- Work instructions: Without pictures, output exactly the lines running from the line containing "Miroir rectangulaire imprimé" to the end of the listing below.

- Exercise data:
========================

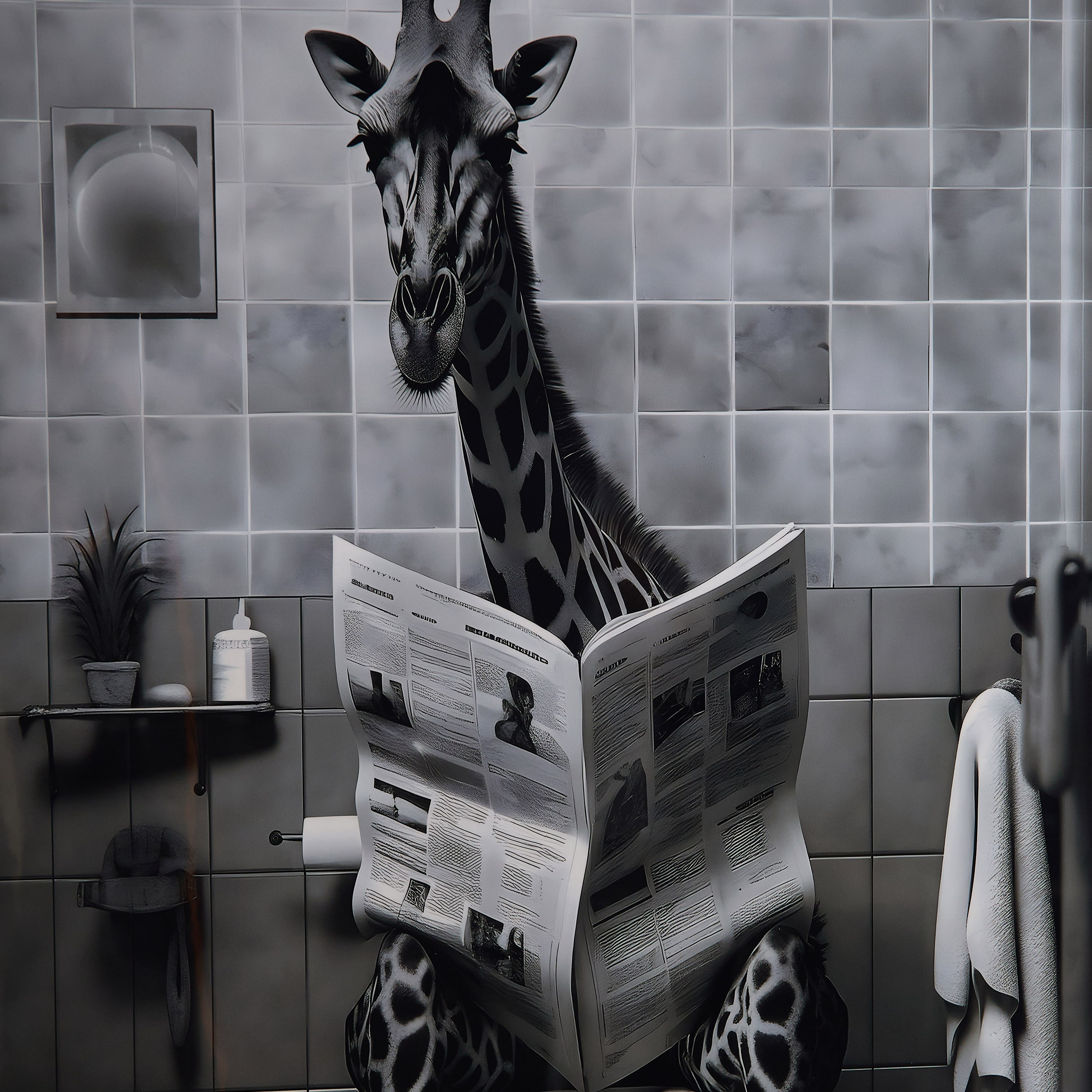 Fossel Giraffe Framed Picture with ABS High Gloss Surface - 60x90x2.5 cm-hbxhomeware-hbxdecorandfurnishings-image-2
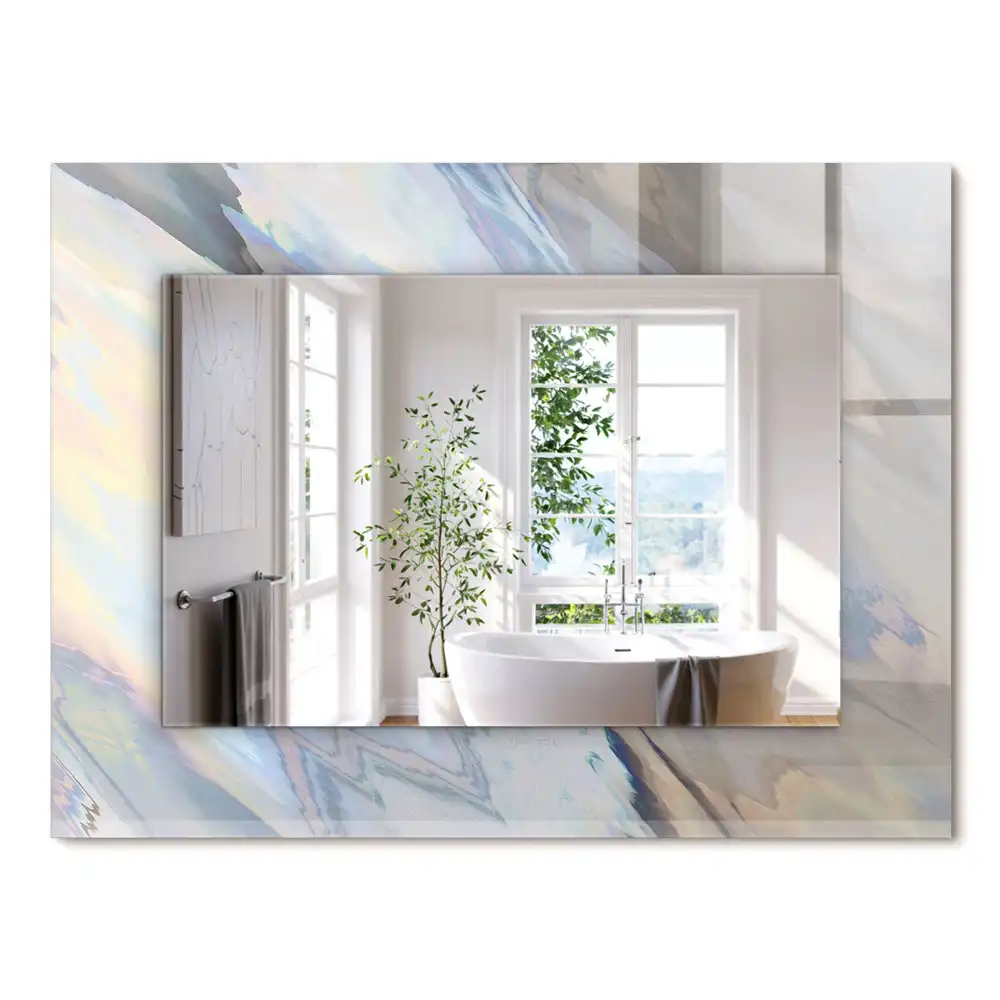 Miroir rectangulaire imprimé motifs abstraits colorés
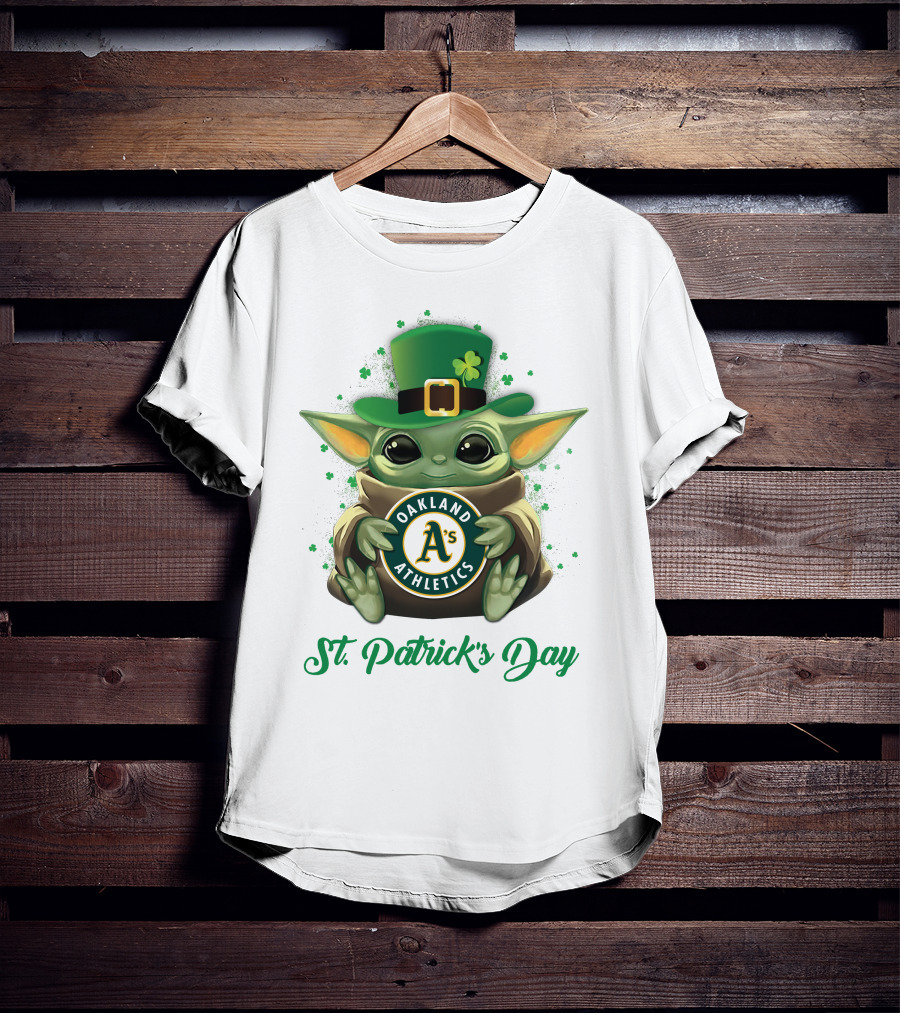 Oakland Athletics Baby Yoda St. Patrick's Day T-Shirt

========================

- Response to the task:
 Miroir rectangulaire imprimé motifs abstraits colorés
 Oakland Athletics Baby Yoda St. Patrick's Day T-Shirt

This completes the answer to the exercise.